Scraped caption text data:
+ + + + +
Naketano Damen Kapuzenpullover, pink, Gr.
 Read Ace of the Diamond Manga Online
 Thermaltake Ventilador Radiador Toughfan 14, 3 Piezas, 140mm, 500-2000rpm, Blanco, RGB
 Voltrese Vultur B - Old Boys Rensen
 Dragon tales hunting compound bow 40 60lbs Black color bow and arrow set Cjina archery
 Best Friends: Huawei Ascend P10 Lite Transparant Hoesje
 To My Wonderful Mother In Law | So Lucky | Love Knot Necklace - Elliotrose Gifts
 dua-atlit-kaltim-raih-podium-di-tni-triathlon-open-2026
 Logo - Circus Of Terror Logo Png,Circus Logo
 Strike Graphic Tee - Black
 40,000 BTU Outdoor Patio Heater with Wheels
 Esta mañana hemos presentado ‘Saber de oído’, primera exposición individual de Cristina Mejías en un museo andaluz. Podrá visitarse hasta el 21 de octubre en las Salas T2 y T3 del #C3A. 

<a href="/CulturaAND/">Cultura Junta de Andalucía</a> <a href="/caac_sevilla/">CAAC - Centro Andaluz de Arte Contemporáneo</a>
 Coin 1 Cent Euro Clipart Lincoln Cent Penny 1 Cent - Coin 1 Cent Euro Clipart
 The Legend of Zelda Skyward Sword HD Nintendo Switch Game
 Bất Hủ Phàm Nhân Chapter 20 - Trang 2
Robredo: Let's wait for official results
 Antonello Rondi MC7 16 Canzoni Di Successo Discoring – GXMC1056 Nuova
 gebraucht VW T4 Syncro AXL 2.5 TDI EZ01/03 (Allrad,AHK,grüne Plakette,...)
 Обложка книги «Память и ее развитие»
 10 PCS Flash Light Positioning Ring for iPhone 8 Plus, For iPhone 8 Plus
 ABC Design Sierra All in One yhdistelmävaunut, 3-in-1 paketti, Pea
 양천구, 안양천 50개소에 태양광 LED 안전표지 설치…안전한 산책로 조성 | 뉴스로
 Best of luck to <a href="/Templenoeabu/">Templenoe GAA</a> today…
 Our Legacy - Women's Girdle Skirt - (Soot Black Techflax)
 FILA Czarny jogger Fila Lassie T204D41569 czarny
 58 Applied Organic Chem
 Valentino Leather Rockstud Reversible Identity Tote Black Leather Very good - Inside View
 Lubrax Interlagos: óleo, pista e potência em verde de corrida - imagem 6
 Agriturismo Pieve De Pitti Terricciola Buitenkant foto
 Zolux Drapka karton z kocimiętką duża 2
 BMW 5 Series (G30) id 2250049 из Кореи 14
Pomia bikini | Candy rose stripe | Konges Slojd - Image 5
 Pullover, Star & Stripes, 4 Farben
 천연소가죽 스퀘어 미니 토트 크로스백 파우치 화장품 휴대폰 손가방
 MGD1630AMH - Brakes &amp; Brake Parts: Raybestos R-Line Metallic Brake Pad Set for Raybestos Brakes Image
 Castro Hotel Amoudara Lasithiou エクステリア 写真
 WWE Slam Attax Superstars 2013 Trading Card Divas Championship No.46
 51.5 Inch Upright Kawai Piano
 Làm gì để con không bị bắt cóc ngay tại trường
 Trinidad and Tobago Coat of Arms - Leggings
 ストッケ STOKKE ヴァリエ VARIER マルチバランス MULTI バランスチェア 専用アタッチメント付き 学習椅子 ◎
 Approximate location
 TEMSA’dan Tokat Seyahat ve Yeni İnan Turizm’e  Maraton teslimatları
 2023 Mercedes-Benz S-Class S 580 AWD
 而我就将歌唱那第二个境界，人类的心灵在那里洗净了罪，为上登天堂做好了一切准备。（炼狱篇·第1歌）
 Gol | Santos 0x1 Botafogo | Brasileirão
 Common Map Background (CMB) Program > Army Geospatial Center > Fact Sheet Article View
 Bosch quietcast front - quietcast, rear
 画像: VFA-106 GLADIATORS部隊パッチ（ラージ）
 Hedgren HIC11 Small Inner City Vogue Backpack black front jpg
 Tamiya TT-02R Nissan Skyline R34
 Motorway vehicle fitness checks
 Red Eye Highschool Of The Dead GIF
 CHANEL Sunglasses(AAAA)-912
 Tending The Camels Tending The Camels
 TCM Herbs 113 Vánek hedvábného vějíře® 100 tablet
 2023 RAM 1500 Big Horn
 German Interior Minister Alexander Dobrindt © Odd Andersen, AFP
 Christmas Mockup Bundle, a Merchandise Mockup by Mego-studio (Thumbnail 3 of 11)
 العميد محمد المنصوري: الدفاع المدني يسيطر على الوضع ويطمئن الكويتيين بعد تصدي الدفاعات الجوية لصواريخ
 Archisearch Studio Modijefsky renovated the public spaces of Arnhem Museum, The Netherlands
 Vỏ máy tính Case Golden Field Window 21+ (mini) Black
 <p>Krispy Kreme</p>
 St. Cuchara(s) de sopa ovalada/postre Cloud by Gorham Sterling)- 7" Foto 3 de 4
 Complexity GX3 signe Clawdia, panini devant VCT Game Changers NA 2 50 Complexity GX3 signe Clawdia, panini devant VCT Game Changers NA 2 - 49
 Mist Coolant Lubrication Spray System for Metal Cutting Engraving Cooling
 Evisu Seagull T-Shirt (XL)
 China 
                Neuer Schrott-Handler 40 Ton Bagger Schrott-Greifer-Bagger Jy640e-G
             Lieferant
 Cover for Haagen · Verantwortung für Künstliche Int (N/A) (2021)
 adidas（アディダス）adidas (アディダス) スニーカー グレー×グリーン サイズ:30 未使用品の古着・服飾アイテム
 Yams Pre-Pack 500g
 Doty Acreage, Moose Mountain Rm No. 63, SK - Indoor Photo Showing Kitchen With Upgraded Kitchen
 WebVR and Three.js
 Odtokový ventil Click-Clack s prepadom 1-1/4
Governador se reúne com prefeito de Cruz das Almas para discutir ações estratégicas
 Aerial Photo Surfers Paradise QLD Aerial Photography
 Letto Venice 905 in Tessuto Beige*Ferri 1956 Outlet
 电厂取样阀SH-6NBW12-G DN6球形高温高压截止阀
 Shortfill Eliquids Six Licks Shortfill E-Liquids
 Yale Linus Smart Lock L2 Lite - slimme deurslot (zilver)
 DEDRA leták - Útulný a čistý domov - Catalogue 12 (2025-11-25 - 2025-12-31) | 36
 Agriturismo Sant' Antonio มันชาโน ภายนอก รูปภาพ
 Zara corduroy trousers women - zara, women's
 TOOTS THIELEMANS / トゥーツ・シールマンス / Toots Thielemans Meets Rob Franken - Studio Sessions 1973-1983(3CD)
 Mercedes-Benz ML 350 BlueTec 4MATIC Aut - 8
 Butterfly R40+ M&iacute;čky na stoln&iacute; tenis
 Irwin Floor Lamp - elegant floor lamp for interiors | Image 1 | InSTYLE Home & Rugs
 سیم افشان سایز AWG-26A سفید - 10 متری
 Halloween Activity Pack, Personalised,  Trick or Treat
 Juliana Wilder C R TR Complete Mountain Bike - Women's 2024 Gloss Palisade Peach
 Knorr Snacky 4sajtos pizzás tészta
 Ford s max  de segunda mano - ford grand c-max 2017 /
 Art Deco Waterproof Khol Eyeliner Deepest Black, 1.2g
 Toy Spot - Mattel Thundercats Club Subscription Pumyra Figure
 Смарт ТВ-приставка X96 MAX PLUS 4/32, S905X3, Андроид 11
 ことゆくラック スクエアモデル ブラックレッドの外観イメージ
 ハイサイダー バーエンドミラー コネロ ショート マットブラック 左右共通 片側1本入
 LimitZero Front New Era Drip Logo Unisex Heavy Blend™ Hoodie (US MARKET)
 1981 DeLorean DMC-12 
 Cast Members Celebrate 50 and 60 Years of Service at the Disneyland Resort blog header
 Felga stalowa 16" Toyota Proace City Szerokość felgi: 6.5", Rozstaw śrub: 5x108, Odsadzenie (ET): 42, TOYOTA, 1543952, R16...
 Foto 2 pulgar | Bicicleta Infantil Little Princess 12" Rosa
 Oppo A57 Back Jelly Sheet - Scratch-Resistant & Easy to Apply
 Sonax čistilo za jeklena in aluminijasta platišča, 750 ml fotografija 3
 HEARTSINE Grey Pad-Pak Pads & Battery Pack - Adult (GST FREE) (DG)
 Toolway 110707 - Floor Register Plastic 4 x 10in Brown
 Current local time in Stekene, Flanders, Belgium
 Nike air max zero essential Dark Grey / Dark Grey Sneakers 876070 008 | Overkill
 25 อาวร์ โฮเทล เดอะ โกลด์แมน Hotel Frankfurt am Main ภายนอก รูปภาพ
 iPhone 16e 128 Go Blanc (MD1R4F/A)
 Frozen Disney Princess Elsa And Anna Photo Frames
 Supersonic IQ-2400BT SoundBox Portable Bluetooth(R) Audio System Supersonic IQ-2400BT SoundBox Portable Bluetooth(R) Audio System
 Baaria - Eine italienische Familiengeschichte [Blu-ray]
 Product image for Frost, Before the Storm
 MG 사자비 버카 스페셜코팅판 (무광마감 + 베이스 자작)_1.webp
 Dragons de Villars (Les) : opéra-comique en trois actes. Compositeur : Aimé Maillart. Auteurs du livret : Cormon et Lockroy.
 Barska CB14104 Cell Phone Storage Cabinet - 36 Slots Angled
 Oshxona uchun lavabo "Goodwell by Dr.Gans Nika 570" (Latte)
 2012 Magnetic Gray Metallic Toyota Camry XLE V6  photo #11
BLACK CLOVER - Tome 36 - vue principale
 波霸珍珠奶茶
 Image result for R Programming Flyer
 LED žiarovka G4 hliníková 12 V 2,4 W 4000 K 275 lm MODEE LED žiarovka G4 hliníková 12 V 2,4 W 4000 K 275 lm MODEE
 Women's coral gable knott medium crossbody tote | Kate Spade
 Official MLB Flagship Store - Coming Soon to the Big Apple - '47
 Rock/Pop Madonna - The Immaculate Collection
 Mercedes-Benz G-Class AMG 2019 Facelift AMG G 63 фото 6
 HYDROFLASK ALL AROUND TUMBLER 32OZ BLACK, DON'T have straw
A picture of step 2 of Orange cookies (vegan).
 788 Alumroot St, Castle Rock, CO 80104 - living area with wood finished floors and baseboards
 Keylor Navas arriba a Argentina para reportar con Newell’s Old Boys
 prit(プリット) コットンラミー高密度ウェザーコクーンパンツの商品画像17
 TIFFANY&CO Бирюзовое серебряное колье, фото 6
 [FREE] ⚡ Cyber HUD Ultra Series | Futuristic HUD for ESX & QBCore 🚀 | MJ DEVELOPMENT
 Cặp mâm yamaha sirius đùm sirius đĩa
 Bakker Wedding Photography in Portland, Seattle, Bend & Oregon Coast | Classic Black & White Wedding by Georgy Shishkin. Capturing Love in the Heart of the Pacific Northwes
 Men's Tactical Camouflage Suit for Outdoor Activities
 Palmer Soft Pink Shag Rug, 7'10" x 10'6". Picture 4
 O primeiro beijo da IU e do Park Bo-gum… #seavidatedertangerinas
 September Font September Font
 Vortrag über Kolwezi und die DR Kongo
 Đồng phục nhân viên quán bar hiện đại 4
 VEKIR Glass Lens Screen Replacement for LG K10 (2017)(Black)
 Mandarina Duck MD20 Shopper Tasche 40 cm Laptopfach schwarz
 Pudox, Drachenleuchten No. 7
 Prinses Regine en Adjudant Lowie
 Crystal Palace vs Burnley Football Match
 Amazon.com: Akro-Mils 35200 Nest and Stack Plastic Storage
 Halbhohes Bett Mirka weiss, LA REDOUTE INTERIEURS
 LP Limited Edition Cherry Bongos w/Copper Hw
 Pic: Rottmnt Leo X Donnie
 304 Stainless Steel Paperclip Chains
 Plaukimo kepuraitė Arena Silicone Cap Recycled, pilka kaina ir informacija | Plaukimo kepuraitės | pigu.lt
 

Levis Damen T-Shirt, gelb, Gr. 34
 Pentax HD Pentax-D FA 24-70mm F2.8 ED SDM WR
+ + + + +
▶ [Assignment]:
In the entries above, find each line with "Agriturismo" and copy it.

▶ [Solution to the exercise]:
 Agriturismo Pieve De Pitti Terricciola Buitenkant foto
 Agriturismo Sant' Antonio มันชาโน ภายนอก รูปภาพ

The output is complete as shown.